[EXTERNAL] Re: AES in ECB mode

Viktor Dukhovni openssl-users at dukhovni.org
Mon Nov 20 07:57:23 UTC 2023


On Mon, Nov 20, 2023 at 11:52:40AM +0530, anupama m wrote:

> I am trying to optimize my reverse proxy application by limiting the
> number of SSL handshakes upstream to just one instead of all the
> connections trying to establish a secure channel. Basically all the
> connections' data will be multiplexed onto this single SSL connection.
> Multiple SSL handshakes is the constraint to performance in my case and
> this is what I am trying to address.

* Have you considered using TLS resumption for all but the initial
  connection?  If you haven't why not?  If ruled out, why?
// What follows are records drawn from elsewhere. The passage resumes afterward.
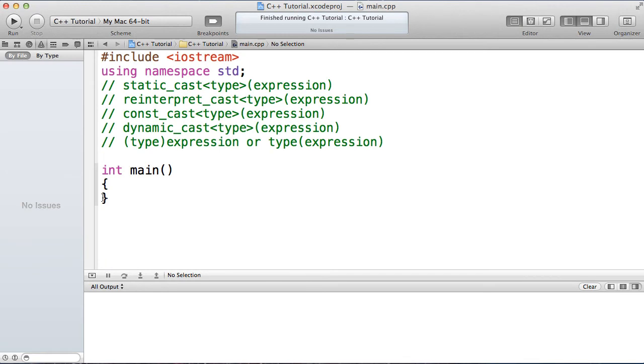Now there's four types of cast operators in C++: static cast, reinterpret cast, const cast, and dynamic cast.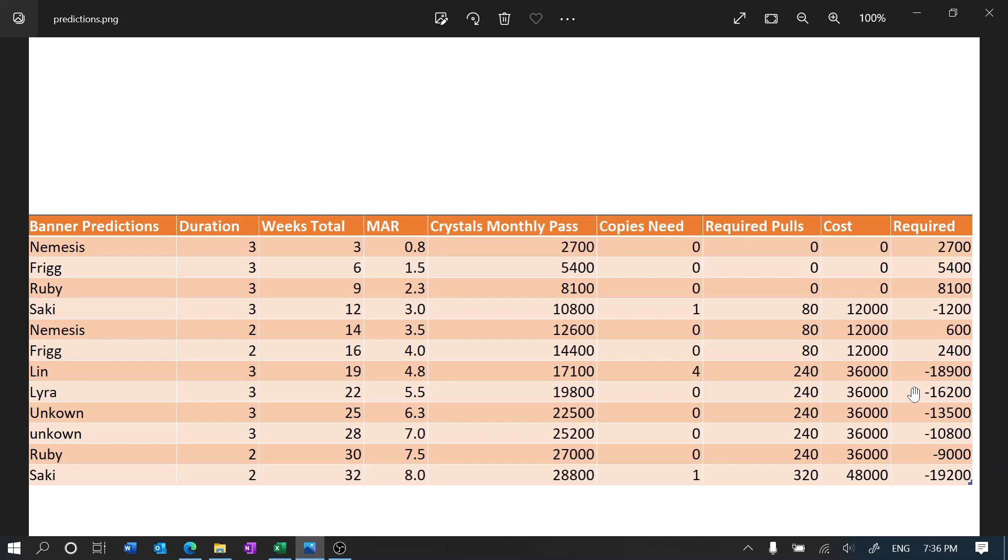We're gonna have to somehow find that much money to somehow get this. And then Lyra which is after Lynn in the CN banner, and then we have Unknown.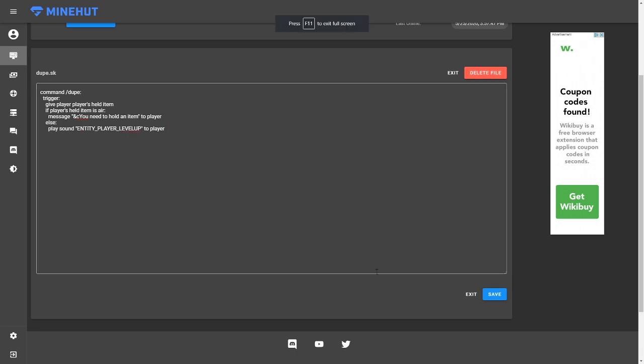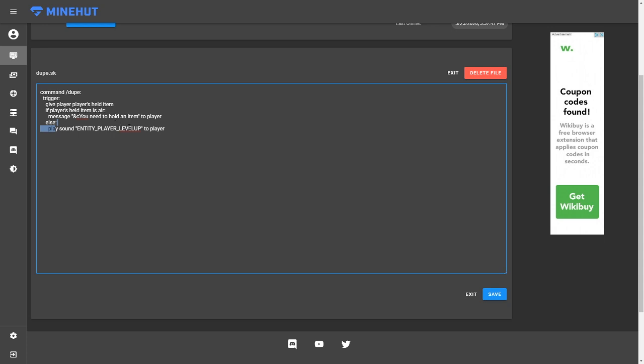Another thing you can add is a little play sound right here. So basically how I have it set up is that if the player item is air, then it tells them that you need to hold an item. But if it's successful, which means they're not holding air, they're holding an item, it just plays a little level up sound. You can choose any sound you want. It doesn't really matter. But this is just another thing you can add.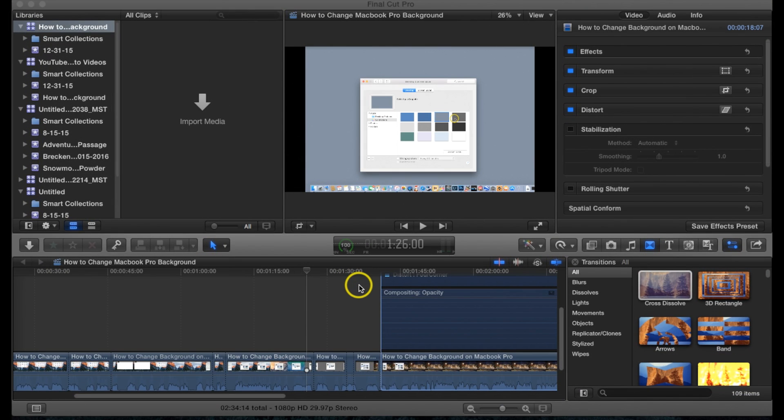Hey everyone, this is Mike. Today I want to show you how to upload a video from Final Cut Pro to YouTube.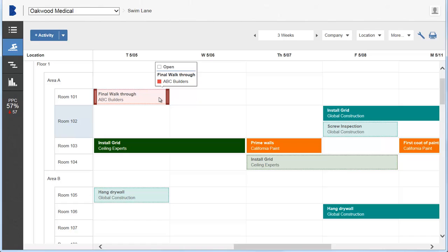Hover over an activity to see its current status, such as open, committed, complete, or incomplete. This view also provides the location of activities to enable the various trades to coordinate their activities.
* Do you control the software on both ends of the connection?  Or
  do you need to interoperate with other TLS applications you
  cannot change?

* At some point, you might want to use QUIC as the upstream protocol,
  as it supports particulary efficient (lower latency than unencrypted
  TCP) establishment of secondary channels.

* However, QUIC support in OpenSSL is just about to appear in a
  preliminary form in OpenSSL 3.2, and may not yet have all the features
  you'd need.

* In the meantime, just using resumption should get you there,
  and if you control the software on both ends, you can make
  it cheaper by (TLS 1.3) using psk_ke, rather than psk_dhe_ke,
  if the perfmance difference is sufficiently compelling and
  the security tradeoffs are clearly understood.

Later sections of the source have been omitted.